Dilansir dari CNN, Musk baru-baru ini menuduh Twitter berbohong mengenai jumlah akun bot yang beredar di platform online tersebut. CEO Tesla ini berpendapat ia bisa meninggalkan kesepakatan itu, jika Twitter tidak bisa memberikan informasi yang akurat terkait akun bot.
Baca juga: Jual Aset Kripto hingga 75 Persen, Tesla Mengaku Masih Punya Bitcoin Senilai 222 Juta Dolar AS
Twitter sendiri telah menggugat Elon Musk, sebagai upaya untuk memaksa miliarder ini agar menyelesaikan kesepakatan.
Jawaban Musk atas gugatan Twitter, yang diumumkan pada hari Jumat (5/8/2022) lalu, menyatakan tim Elon Musk menggunakan Botometer untuk menganalisis jumlah bot di platform Twitter.
Berdasarkan analisisnya, Musk mengklaim selama minggu pertama di bulan Juli, akun bot spam menyumbang 33 persen dari akun yang terdapat di platform itu, dan sekitar 10 persen dari pengguna aktif harian yang dapat dimonetisasi selama periode tersebut.
Sementara Twitter mengklaim akun bot yang beredar di platformnya sekitar 5 persen dari pengguna aktif hariannya yang dapat dimonetisasi.
Salah satu penemu Botometer, Kaicheng Yang mengaku terkejut karena orang terkaya di dunia ini telah menggunakan Botometer, alat yang tersedia secara gratis untuk umum, alih-alih mengerjakan orang untuk membangun alat pendeteksi akun bot yang lebih canggih.

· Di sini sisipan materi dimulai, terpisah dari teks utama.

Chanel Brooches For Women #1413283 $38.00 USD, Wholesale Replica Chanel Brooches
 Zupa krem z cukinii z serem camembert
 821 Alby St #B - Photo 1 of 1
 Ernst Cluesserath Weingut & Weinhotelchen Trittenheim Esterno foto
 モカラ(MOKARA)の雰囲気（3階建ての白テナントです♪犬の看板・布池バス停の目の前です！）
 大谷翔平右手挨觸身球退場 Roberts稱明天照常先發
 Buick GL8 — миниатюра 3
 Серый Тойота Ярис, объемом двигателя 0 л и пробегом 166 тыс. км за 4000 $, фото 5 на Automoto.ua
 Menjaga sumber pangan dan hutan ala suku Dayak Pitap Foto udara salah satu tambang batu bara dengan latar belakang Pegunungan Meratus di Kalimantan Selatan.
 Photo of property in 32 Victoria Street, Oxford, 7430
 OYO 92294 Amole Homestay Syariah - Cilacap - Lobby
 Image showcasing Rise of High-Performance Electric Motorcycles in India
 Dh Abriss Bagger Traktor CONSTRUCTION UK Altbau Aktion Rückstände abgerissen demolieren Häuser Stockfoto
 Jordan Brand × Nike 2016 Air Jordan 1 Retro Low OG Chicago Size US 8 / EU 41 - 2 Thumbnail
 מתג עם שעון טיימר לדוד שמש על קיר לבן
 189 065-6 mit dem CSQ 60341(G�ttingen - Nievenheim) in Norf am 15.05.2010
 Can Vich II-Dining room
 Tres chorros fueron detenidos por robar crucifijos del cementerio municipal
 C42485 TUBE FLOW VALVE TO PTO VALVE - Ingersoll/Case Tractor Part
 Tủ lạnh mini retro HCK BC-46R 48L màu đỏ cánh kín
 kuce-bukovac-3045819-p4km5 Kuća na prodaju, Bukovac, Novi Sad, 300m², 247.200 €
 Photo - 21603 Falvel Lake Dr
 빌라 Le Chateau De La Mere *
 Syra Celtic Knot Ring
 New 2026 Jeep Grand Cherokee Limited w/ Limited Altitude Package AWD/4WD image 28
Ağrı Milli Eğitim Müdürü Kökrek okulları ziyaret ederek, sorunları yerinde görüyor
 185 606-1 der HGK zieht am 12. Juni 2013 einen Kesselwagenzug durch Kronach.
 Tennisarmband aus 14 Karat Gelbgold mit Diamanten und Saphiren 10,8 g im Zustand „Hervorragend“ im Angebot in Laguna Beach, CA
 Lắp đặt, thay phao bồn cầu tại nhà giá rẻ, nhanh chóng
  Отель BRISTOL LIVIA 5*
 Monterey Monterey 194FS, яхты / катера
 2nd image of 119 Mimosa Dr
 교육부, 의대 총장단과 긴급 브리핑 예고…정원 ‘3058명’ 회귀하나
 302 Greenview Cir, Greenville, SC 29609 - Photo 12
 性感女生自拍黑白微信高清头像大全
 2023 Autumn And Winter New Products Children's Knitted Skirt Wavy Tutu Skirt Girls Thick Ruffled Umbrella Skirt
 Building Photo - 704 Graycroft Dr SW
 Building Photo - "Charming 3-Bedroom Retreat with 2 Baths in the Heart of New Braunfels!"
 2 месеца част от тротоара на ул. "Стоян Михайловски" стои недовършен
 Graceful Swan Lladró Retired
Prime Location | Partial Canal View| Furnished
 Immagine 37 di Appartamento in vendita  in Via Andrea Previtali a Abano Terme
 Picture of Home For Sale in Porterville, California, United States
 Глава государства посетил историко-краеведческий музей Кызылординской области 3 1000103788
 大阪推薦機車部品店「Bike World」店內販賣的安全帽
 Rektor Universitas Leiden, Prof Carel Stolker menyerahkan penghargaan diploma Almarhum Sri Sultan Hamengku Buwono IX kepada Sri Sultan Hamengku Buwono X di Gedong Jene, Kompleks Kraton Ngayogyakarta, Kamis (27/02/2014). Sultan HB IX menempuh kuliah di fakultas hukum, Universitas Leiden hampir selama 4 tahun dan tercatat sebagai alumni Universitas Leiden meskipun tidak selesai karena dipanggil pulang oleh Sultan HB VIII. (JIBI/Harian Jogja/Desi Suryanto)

"Sejujurnya, Anda tahu, Elon Musk benar-benar kaya, bukan? Saya berasumsi dia akan menghabiskan uang untuk mempekerjakan orang untuk membangun beberapa alat atau metode canggih sendiri," ujar pria yang juga berprofesi sebagai peneliti di Observatorium Media Sosial Universitas Indiana.
Twitter berulang kali berpendapat, beredarnya akun bot di platformnya tidak berhubungan dengan penyelesaian kesepakatan. Perusahaan media sosial ini memberikan balasan atas klaim Musk, dengan mengungkapkan bahwa Botometer menggunakan metode yang berbeda dengan Twitter untuk mendeteksi akun bot.
Baca juga: Istrinya Diduga Selingkuh dengan Elon Musk, Pendiri Google Sergey Brin Cabut Investasi dari Tesla
Sementara menurut keterangan Yang, Botometer memang mendeteksi akun bot dengan cara yang berbeda.
Alat ini tidak dapat menunjukkan apakah suatu akun itu palsu atau bukan, namun sebagai gantinya Botometer akan menunjukkan seberapa besar kemungkinan akun itu dikelola menggunakan perangkat lunak, dengan menggunakan berbagai pertimbangan seperti waktu yang digunakan saat membuat tweet.
Botometer memberikan skor dari nol hingga lima, yang menunjukkan apakah akun tersebut dijalankan oleh manusia atau bot.